Objectives
We assessed the association between hydroxychloroquine (HCQ) initiation and risk of arrhythmia among patients with incident rheumatoid arthritis (RA) or with incident systemic lupus erythematosus (SLE).
Methods
All patients with incident RA or SLE and no arrhythmic events, not receiving antiarrhythmic medications, and not receiving HCQ prior to the index date of disease in British Columbia, Canada, between January 1996 and December 2014 were identified from administrative databases. We identified patients who were dispensed HCQ prescriptions (HCQ initiators) or were not dispensed HCQ prescriptions (HCQ noninitiators) during each study year; groups were matched 1:1 by propensity scores using baseline confounders on demographics, comorbidities, medications, and health care utilization.
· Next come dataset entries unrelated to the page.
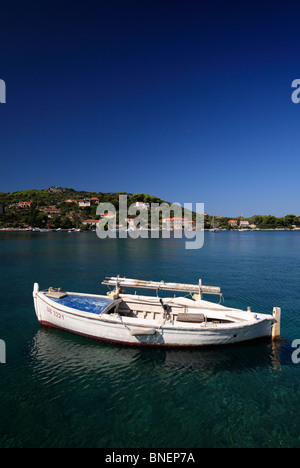 In legno tradizionale barca da pesca a Donje Celo Harbour, Kolocep, vicino a Dubrovnik Croazia croato di una delle isole di ELAFITI Foto Stock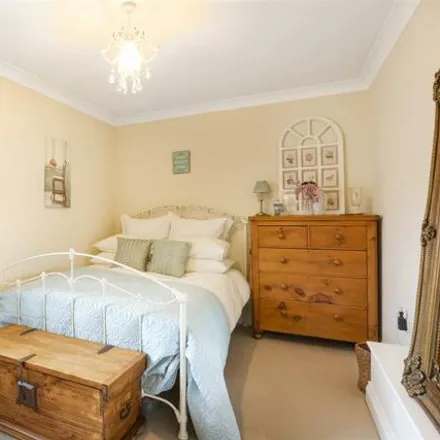 Image 9 - 5 Memory Cottages, Reigate Road, Burgh Heath, KT20 5NT, United Kingdom - Apartment for sale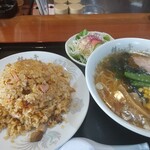 Yoko Chan Tei - 醬油拉麵與大碗炒飯套餐1200日圓。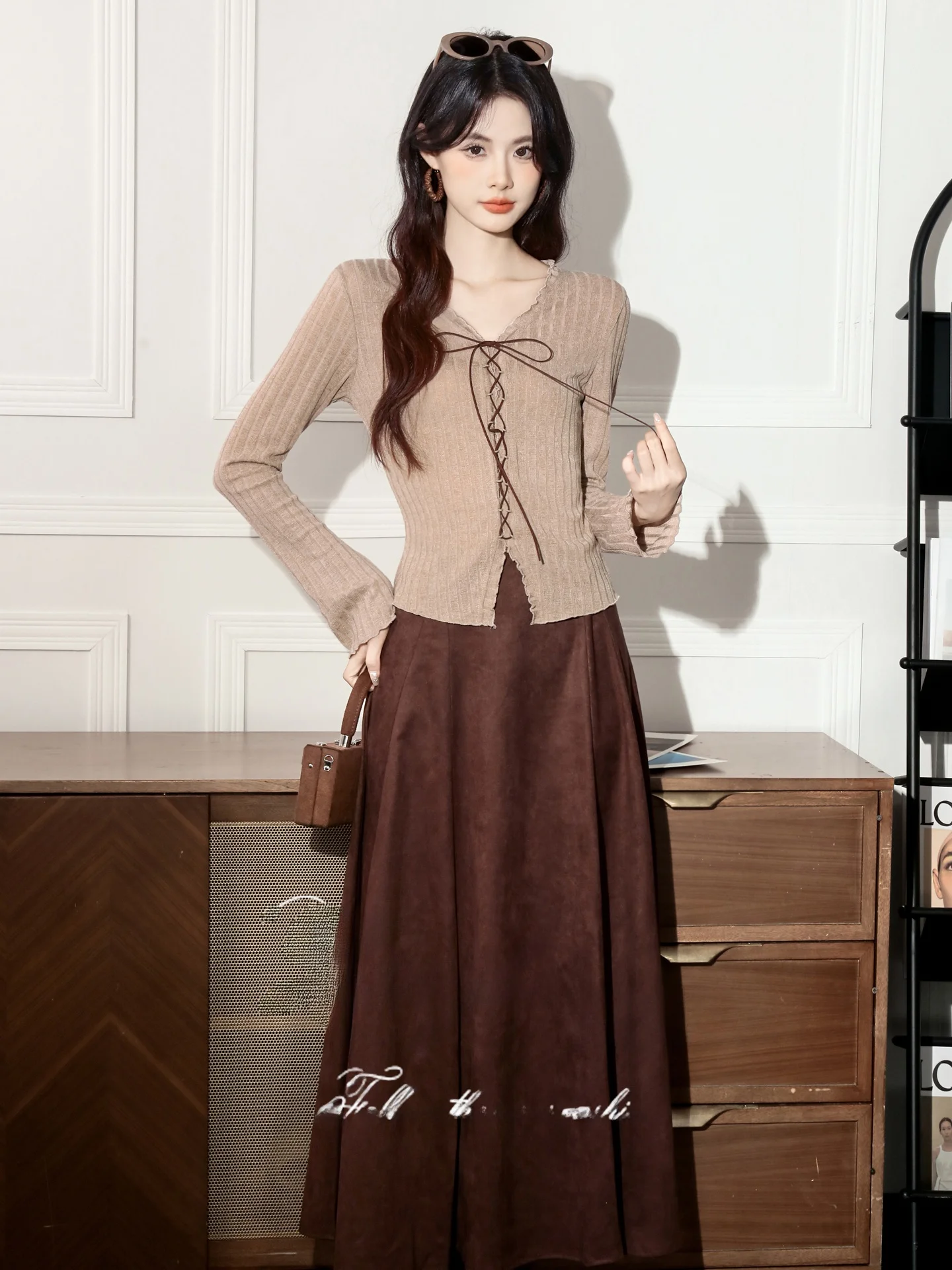 Autumn Faion Set Women's Knitted Top And Skirt Two-Piece Suit Wooden Bordered Casual Wear V-Ne Long Sve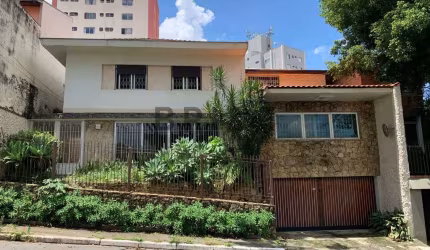 CASA P/ VENDA / LOCAÇÃO NO BROOKLIN, 291M², 5 QUARTOS, PISCINA, CHURRASQUEIRA E 4 VAGAS.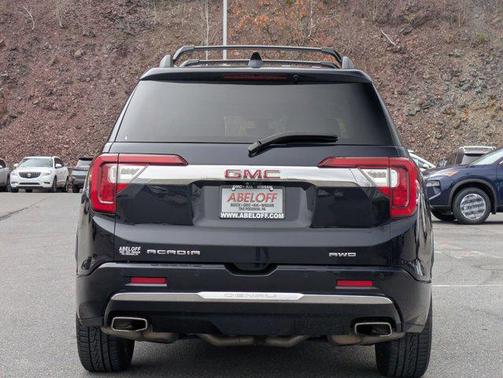2021 GMC Acadia Denali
Outcomes were any new arrhythmias, atrial fibrillation, abnormal electrocardiograms, including long QT syndrome and conduction disorder, and other unspecified arrhythmias during follow‐up. We used cause‐specific Cox proportional hazards models with death as a competing event to assess the association between HCQ initiation and the outcomes.
Results
We identified 11,518 propensity score–matched patients with RA or SLE in each group. Over the mean follow‐up of 8 years, there were 1,610 and 1,646 incident arrhythmias in the HCQ initiator group and the noninitiator group, respectively, with crude incidence rates of arrhythmia of 17.5 and 18.1 in 1,000 persons per year, respectively. The adjusted cause‐specific hazard ratio (cHR) for patients who received HCQ was 0.96 (95% confidence interval [95% CI] 0.89–1.03) compared with HCQ noninitiators, and the cHRs for patients who took HCQ and had arrhythmia subtypes of atrial fibrillation, abnormal electrocardiograms, and other unspecified arrhythmias were 0.93 (95% CI 0.83–1.04), 0.98 (95% CI 0.87–1.11), and 0.95 (95% CI 0.84–1.07), respectively.
Conclusion
Risk of any type of arrhythmia was not increased among new users of HCQ.